Warnings and Precautions
Exacerbation of Hepatitis after Discontinuation of Treatment
Discontinuation of anti-HBV therapy, including Viread, may be associated with severe acute exacerbations of hepatitis. Patients infected with HBV who discontinue Viread should be closely monitored with both clinical and laboratory follow-up for at least several months after stopping treatment. If appropriate, resumption of anti-hepatitis B therapy may be warranted.
New Onset or Worsening Renal Impairment
Tenofovir is principally eliminated by the kidney. Renal impairment, including cases of acute renal failure and Fanconi syndrome (renal tubular injury with severe hypophosphatemia), has been reported with the use of Viread [See Adverse Reactions (6.2)].
It is recommended that estimated creatinine clearance be assessed in all patients prior to initiating therapy and as clinically appropriate during therapy with Viread. In patients at risk of renal dysfunction, including patients who have previously experienced renal events while receiving HEPSERA®, it is recommended that estimated creatinine clearance, serum phosphorus, urine glucose, and urine protein be assessed prior to initiation of Viread, and periodically during Viread therapy.

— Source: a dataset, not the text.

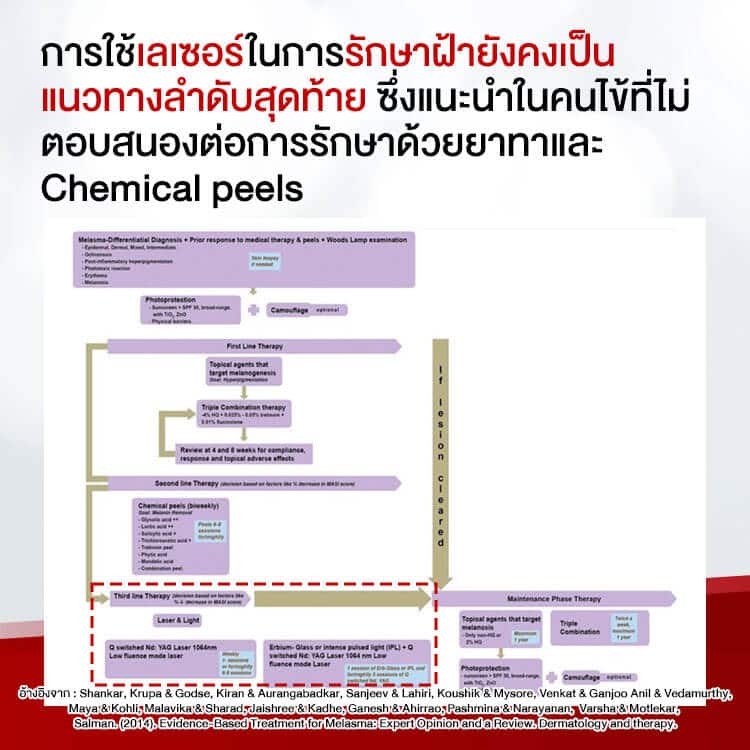 เลเซอร์ฝ้าทางเลือกสุดท้าย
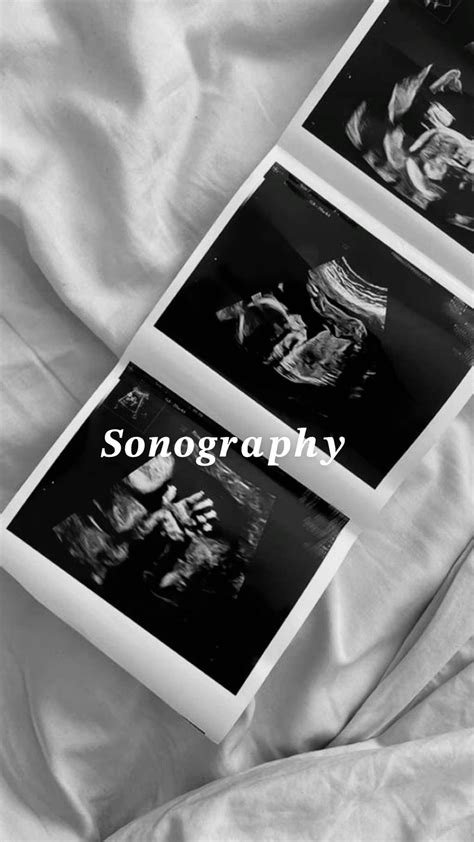 Sonography in 2025 | Ultrasound technician, Diagnostic medical sonography, Sonography student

Dosing interval adjustment of Viread and close monitoring of renal function are recommended in all patients with creatinine clearance below 50 mL/min [See Dosage and Administration (2.3)]. No safety or efficacy data are available in patients with renal impairment who received Viread using these dosing guidelines, so the potential benefit of Viread therapy should be assessed against the potential risk of renal toxicity.

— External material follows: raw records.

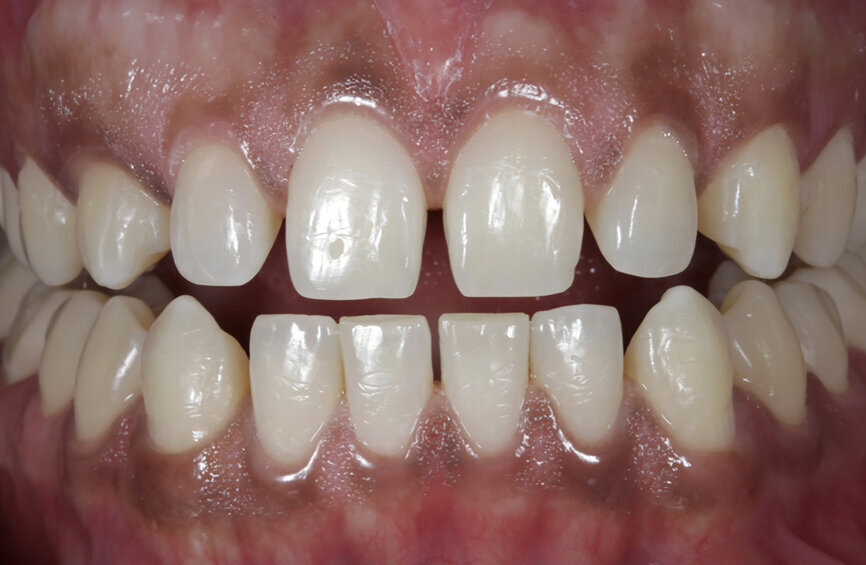 Fig. 80: Pre-op and post-op situations.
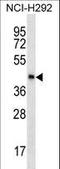 Sperm Equatorial Segment Protein 1 antibody, LS-C157074, Lifespan Biosciences, Western Blot image 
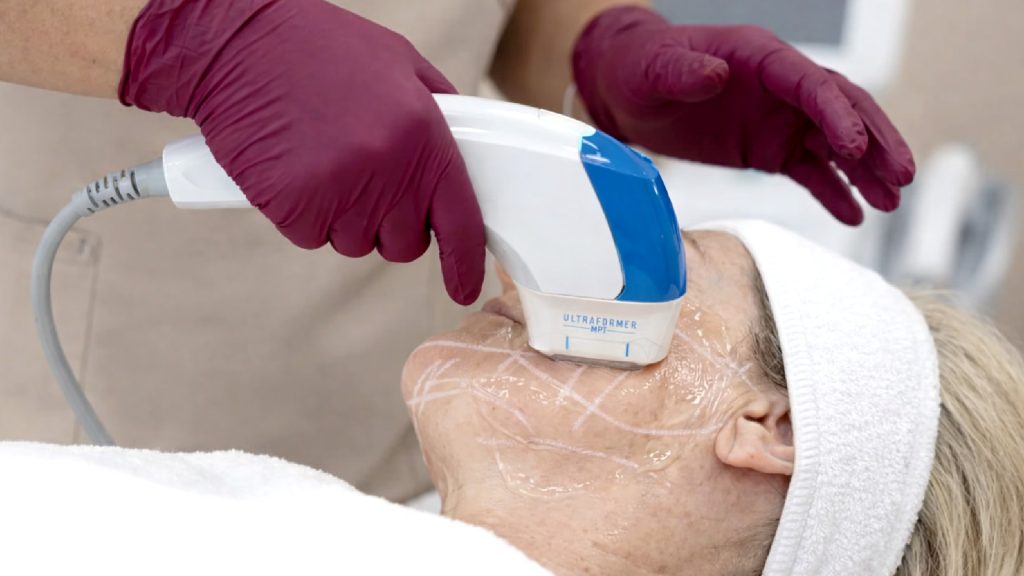 Top Benefits of Non-Surgical Facelifts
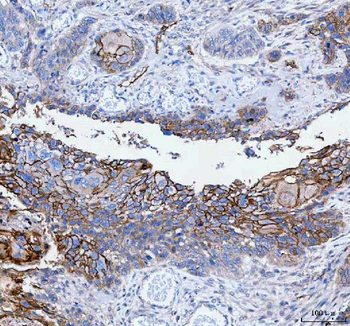 PALM Rabbit Polyclonal Antibody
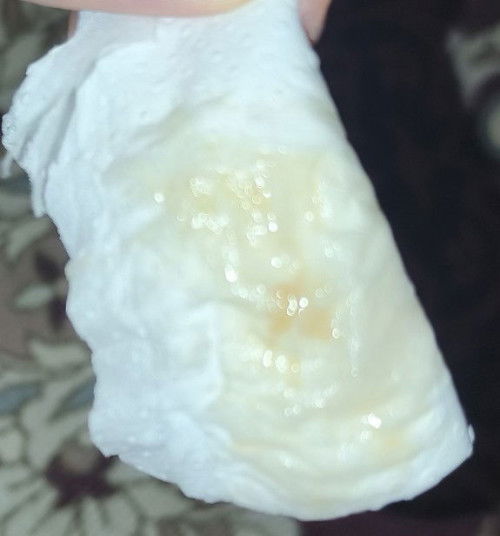 AIR KELUAR MELALUI FARAJ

Viread should be avoided with concurrent or recent use of a nephrotoxic agent (e.g., high-dose or multiple non-steroidal anti-inflammatory drugs (NSAIDs)) [See Drug Interactions (7.4)]. Cases of acute renal failure after initiation of high dose or multiple NSAIDs have been reported in HIV-infected patients with risk factors for renal dysfunction who appeared stable on tenofovir DF. Some patients required hospitalization and renal replacement therapy. Alternatives to NSAIDs should be considered, if needed, in patients at risk for renal dysfunction.
Persistent or worsening bone pain, pain in extremities, fractures and/or muscular pain or weakness may be manifestations of proximal renal tubulopathy and should prompt an evaluation of renal function in at-risk patients.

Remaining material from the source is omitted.